Your knowledge of air filters can help your customers with allergies and asthma

Jan. 1, 2020
Millions of people around the country struggle with allergies. But you can step in and help your customers facing these problems by understanding how cabin air filters can benefit them.

People who suffer from asthma or allergies to pollen, dust or mold may see their symptoms worsen from time to time when they are riding in vehicles with the windows rolled down and a stream of fresh outdoor air blowing in their face. Under these driving conditions, even those men, women and children who are asthma or allergy free may experience physical discomfort of some kind, such as itchy, watery eyes, a runny nose or a slight irritation in the throat that causes one to cough.

But you can step in and help your customers facing these problems by understanding how cabin air filters can benefit them.

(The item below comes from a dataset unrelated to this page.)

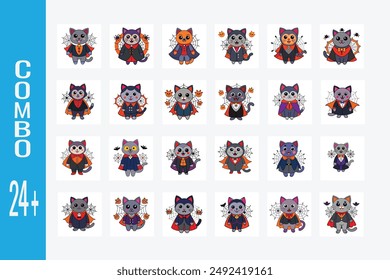 Vector illustration of a cute cat in a vampire costume with tiny fangs and festive elements like spiders and webs on a white background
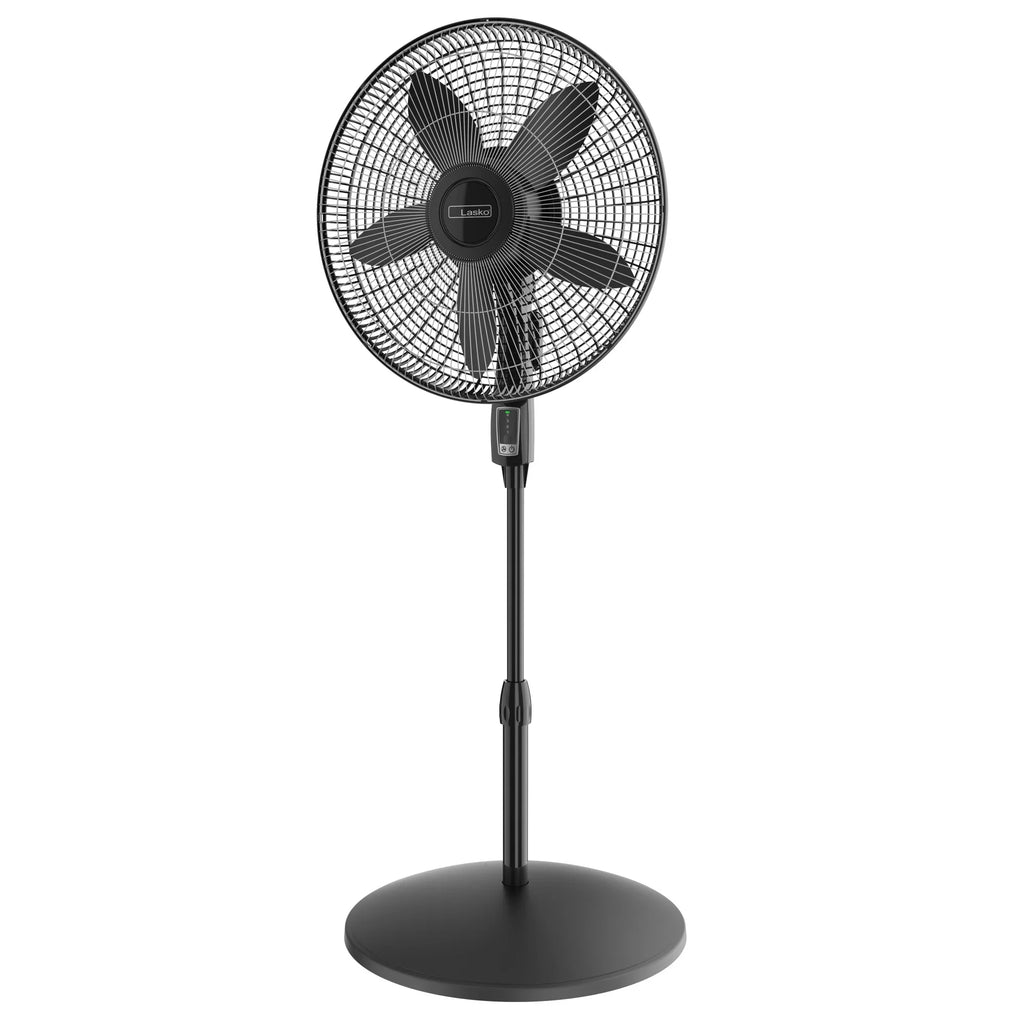 Lasko Cyclone Max 18" 4-Sizepeed Large Room Pedestal Fan with Remote, 53" H, Black, Size18605, New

What brings on such discomfort? Riding through the vehicle’s open windows and on the coattails of that pleasant outdoor breeze are unwanted, tiny, harmful visitors – pollen, mold and various kinds of particulate matter (PM) that can irritate the eyes, the nose and throat passages. Particulate matter from tire wear, diesel exhaust, dirt, dust, soot and other outdoor sources are especially aggravating to asthma and allergies sufferers. According to the Asthma and Allergy Foundation of America, 60 million Americans (one in five) suffer from asthma and seasonal allergies, and the numbers are increasing.

“As you can probably guess, there is a solution for keeping pollen, molds and particulate matter at bay while driving,” says Ramon Nuñez, spokesperson for Purolator a leading supplier of automotive filters to the aftermarket in North America. “Simply roll up the windows and rely on your vehicle’s cabin air filter to do its job of trapping pollen, mold and particulate matter before they reach you through the air conditioning and heating ventilation systems. Yes, the solution to protecting yourself and your passengers from the irritating effects of pollen, mold and particulate matter is simple enough, but it also requires changing the cabin air filter at regular intervals.”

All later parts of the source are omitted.